WORK ITEM
For the entries that follow, restate word for word the line containing "15 Peppermill Lane, Dix Hills, NY 11746", the line containing "Tiffany& Co. ティファニー スマイル T ピアス ゴールド シルバー", and every line that lies between them.

INPUT FOR THIS TASK
Content starts

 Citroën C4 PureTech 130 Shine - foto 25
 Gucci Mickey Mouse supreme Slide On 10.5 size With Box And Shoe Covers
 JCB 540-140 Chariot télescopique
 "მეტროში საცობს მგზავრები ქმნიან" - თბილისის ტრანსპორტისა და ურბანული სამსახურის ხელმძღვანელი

Content ends
Content starts

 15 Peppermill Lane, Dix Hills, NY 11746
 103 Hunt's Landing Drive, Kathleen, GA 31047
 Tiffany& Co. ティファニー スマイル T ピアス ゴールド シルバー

Content ends

SOLUTION TO THIS EXERCISE
 15 Peppermill Lane, Dix Hills, NY 11746
 103 Hunt's Landing Drive, Kathleen, GA 31047
 Tiffany& Co. ティファニー スマイル T ピアス ゴールド シルバー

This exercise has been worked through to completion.